Jocey, one of the parents in my parent group, was mortified. Her mother-in-law had given her 8-year-old son a toy fire truck. Instead of saying “thank you,” the boy looked at it and said something like, “That’s for babies. I don’t like trucks” and tossed it back in the box.
Her story reminded me of the time that my kids’ favorite uncle gave my then-3-year-old son a two-foot battery-driven robot with blazing red eyes. My son backed up warily as the thing jerked across the floor. Terrified, he burst into tears.
My brother-in-law was hurt and upset. His extravagant gift had flopped. After some comforting and explaining by his uncle, my son saved the day by naming the monster “Bwent” and tying his beloved blanket around it to make it softer.

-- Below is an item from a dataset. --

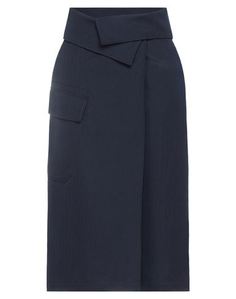 Юбка длиной 3/4 Kenzo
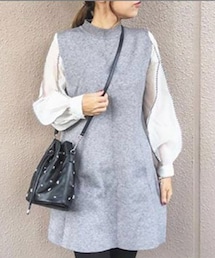 Sawa a la mode | チュニック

Both Jocey’s son and mine are sweet kids. They didn’t mean to be mean or ungrateful. Their reactions were honest kid reactions. Neither Jocey nor I had thought to teach our kids how to handle it when they didn’t like a gift. It just hadn’t come up.

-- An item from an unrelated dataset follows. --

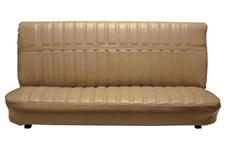 Upholstery, Vinyl, 1981-87 Chevrolet/GMC Trucks, Bench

Some of the other parents in the group admitted this was something they hadn’t thought much about either. Other than prompting their kids to say “thank you” when they were given something, they hadn’t spelled out the ins and outs of how to accept a gift despite it being not quite what was wanted. How do we help kids show gratitude when they’re not grateful? What can we teach them about caring more about the relationship than the gift?
One mom ventured a question: “How do we teach a kid to be honest yet tell her to fib about being grateful when Grandma gave her an ugly puce sweater that is two sizes too big?” Good question. The answer is embedded in our cultural ideas about the necessity of some white lies to keep relationships running smoothly.
It’s up to us to explain to our children that there is a difference between lying outright and telling small fibs that spare another person’s feelings. Lying is intended to hurt someone, to get something at another’s expense, to manipulate people or to avoid a responsibility. White lies, little fibs that aren’t manipulative or hurtful in any way, are sometimes a way to be nice. They help people feel good and get along with each other.
We sometimes say, for example, that we like the shirt that is our friend’s favorite when we really don’t; that it’s no trouble to do something when it really is; or that a meal we’re served at a relative’s home is delicious when it’s not something we like. The sweater Grandma made may be ugly but the effort to make it was beautiful. It’s only loving to tell her that puce is our favorite color — and then stow it in the bottom drawer until she visits again. These are the kinds of white lies that make the social world go round.